Ich hingegen bin begeistert über das Gerichtsurteil, denn schließlich weiß man nie, was die Senatorinnen und Senatoren heimlich unterschrieben haben – wir haben bereits einiges erlebt in den vergangenen Jahren.

[Krestel (FDP): Haftungsfreistellung!]

Ich war mir deshalb nicht sicher, ob nicht doch irgendwo etwas auftaucht, was diesen Gerichtserfolg hätte verhindern können. Umso besser, dass das Gericht so entschieden hat, denn – das ist keine Neuigkeit – die Grünen haben nicht nur den Stopp der Anschlussförderung gefordert, sondern wir haben überhaupt diese Art von Förderung nicht gewollt. Die Grünen haben die Förderung von Anfang an nicht gewollt, weil sie – darauf hat Herr Nelken bereits hingewiesen – unwirtschaftlich und unsinnig ist und zu dem Berliner Sumpf mit seiner Selbstbedienungsmentalität gehörte.

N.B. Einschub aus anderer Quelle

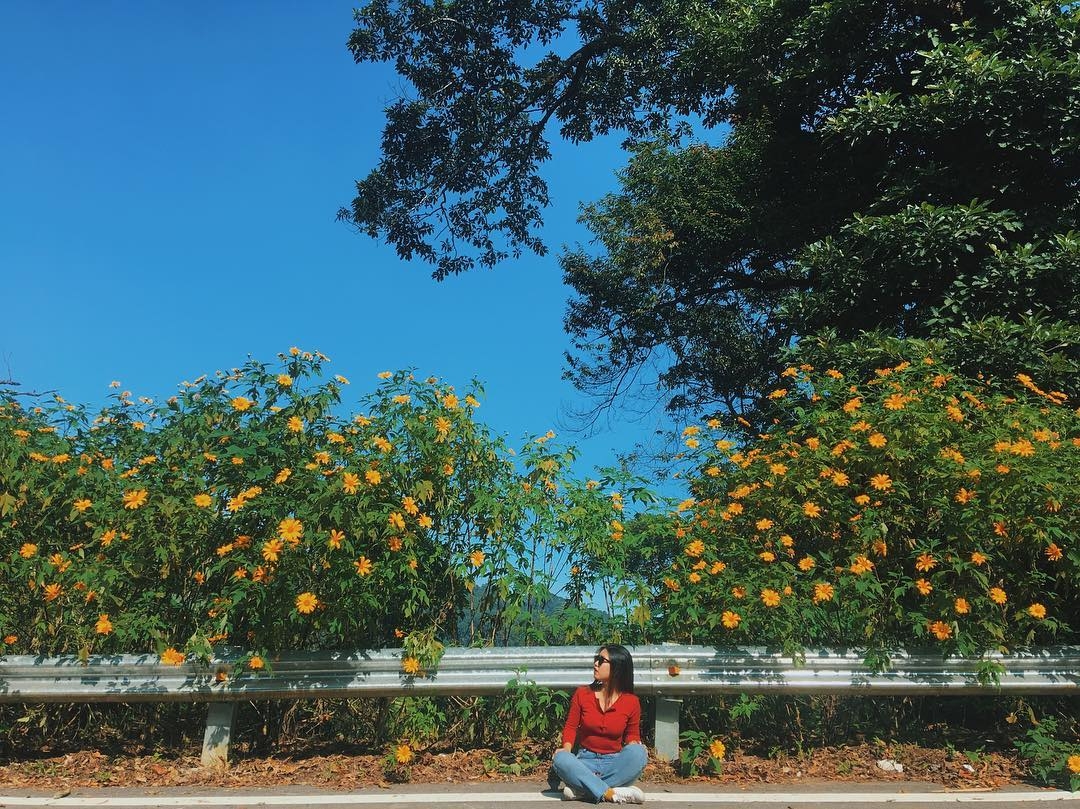 mua da quy no ro tu ba vi hung vi den da lat mong mo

[Beifall bei den Grünen – Beifall des Abg. Krestel (FDP)]

Ich glaube, dass dieses Konstrukt Absicht war und dass man sich nicht damit herausreden kann, man habe sich die Folgen nicht vorstellen können. Bereits damals gab es Menschen, die darauf hingewiesen haben, in welche Richtung diese Konstruktion führt und welche Auswirkungen sie für die nächsten Jahrzehnte hat. Wer dennoch so etwas eingeht, der macht es mit Absicht, der hat es gewollt.

[Beifall bei den Grünen – Beifall des Abg. Niedergesäß (CDU)]

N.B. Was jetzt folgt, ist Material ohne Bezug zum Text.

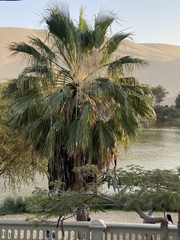 Washingtonia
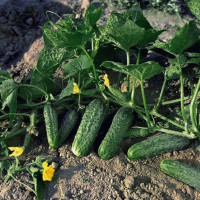 Огірок Жоеліна F1, Nunhems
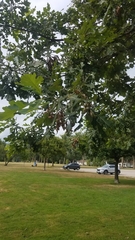 Quercus macrocarpa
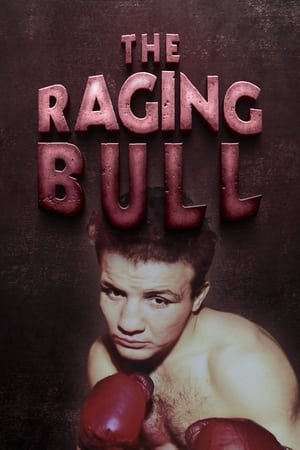 Image The Raging Bull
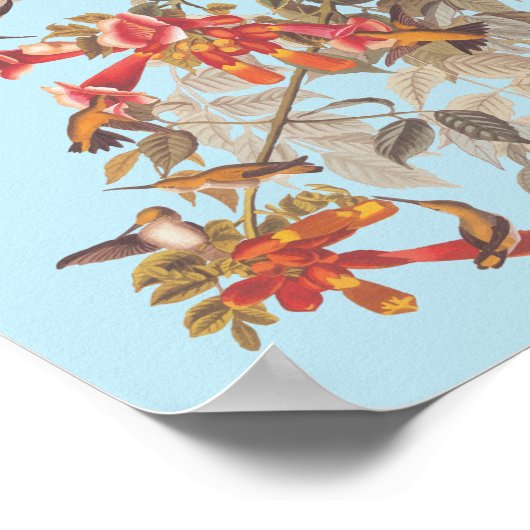 Audubon's Ruby Throated Hummingbirds and Blume Poster (Ecke)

Oberstes Prinzip bei der gesamten Konstruktion ist die Steuerabschreibung gewesen. Das aber ist nicht unser Interesse im Zusammenhang mit dem sozialen Wohnungsbau. Es funktionierte nach dem Motto: Wir bauen nicht preiswert, sondern wir basteln – damit sind wir fast schon wieder bei den Fonds der Bankgesellschaft – Abschreibungsmöglichkeiten, damit wir so hoch wie möglich Steuern abschreiben können. Auch das war die Funktion des sozialen Wohnungsbaus. Wenn genau diejenigen, die damals die Steuerabschreibungen gemacht haben, heute jammern, das Geld sei weg, dann habe ich persönlich kein Mitleid mit ihnen.

[Beifall bei den Grünen – Krestel (FDP): Es ist nicht weg, es ist nur woanders!]

Für die Zukunft haben wir noch längst nicht alle Probleme im sozialen Wohnungsbau gelöst. Ich benenne vier Probleme: Zum einen müssen wir noch weiterhin einiges an Förderung zahlen, zum anderen liegen diese Wohnungen, obwohl wir sie fördern, mit der Miete im Spitzenfeld, was vollkommen absurd ist.

[Niedergesäß (CDU): Das ist die Negation der Negation!]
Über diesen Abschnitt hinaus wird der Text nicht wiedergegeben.